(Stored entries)
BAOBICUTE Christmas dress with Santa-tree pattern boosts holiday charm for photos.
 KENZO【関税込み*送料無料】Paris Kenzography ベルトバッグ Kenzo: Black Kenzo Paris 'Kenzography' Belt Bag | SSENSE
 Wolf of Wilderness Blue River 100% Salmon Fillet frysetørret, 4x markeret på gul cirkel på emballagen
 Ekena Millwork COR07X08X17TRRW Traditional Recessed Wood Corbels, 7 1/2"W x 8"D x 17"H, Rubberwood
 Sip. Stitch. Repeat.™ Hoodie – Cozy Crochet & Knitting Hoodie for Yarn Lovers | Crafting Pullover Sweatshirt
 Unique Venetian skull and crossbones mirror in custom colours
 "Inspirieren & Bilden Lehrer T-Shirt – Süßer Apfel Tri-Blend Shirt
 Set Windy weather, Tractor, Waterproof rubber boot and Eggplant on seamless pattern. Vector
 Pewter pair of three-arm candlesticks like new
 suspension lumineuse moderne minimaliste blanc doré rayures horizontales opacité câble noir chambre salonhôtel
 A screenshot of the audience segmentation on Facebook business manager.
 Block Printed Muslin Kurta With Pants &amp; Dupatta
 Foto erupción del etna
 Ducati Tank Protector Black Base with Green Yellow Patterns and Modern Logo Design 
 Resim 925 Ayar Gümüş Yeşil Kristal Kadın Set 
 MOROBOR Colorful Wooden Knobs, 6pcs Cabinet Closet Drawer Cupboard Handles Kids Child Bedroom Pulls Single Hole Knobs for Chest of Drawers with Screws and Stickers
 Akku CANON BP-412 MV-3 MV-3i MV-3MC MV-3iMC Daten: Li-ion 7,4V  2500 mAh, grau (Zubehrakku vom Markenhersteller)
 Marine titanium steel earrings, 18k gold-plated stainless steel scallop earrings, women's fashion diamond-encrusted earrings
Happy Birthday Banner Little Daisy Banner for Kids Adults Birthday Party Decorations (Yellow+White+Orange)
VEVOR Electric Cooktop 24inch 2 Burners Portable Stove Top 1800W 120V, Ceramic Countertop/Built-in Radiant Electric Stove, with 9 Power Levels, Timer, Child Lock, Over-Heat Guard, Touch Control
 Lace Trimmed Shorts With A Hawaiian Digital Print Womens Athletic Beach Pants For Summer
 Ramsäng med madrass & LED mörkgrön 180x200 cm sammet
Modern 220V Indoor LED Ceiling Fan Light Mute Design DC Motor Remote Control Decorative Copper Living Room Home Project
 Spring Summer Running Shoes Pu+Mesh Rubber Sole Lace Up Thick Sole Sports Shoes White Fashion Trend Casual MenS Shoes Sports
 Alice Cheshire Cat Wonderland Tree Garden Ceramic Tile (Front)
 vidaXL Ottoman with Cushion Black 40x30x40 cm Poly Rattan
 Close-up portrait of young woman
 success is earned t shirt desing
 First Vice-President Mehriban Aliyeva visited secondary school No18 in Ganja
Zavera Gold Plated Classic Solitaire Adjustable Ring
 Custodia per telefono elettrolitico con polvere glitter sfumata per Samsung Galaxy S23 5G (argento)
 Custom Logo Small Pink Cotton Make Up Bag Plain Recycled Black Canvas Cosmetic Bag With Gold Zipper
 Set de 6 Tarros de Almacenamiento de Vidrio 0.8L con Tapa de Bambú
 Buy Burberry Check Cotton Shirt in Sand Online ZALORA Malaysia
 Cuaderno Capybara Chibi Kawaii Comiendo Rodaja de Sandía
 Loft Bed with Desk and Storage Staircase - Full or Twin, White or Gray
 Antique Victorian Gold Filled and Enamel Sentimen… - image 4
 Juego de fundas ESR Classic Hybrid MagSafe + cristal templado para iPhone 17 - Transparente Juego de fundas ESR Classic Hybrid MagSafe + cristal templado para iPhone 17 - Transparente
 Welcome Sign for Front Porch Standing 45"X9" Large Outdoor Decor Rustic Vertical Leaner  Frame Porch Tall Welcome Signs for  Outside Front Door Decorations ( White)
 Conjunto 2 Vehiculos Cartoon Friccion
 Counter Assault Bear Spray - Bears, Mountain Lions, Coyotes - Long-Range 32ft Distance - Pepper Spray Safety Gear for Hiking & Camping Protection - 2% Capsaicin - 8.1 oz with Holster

*Assignment:* Give back the records above exactly, limited to the lines between the one holding "Pewter pair of" and the one holding "Lace Trimmed Shorts", inclusive.

*Your response:*
 Pewter pair of three-arm candlesticks like new
 suspension lumineuse moderne minimaliste blanc doré rayures horizontales opacité câble noir chambre salonhôtel
 A screenshot of the audience segmentation on Facebook business manager.
 Block Printed Muslin Kurta With Pants &amp; Dupatta
 Foto erupción del etna
 Ducati Tank Protector Black Base with Green Yellow Patterns and Modern Logo Design 
 Resim 925 Ayar Gümüş Yeşil Kristal Kadın Set 
 MOROBOR Colorful Wooden Knobs, 6pcs Cabinet Closet Drawer Cupboard Handles Kids Child Bedroom Pulls Single Hole Knobs for Chest of Drawers with Screws and Stickers
 Akku CANON BP-412 MV-3 MV-3i MV-3MC MV-3iMC Daten: Li-ion 7,4V  2500 mAh, grau (Zubehrakku vom Markenhersteller)
 Marine titanium steel earrings, 18k gold-plated stainless steel scallop earrings, women's fashion diamond-encrusted earrings
Happy Birthday Banner Little Daisy Banner for Kids Adults Birthday Party Decorations (Yellow+White+Orange)
VEVOR Electric Cooktop 24inch 2 Burners Portable Stove Top 1800W 120V, Ceramic Countertop/Built-in Radiant Electric Stove, with 9 Power Levels, Timer, Child Lock, Over-Heat Guard, Touch Control
 Lace Trimmed Shorts With A Hawaiian Digital Print Womens Athletic Beach Pants For Summer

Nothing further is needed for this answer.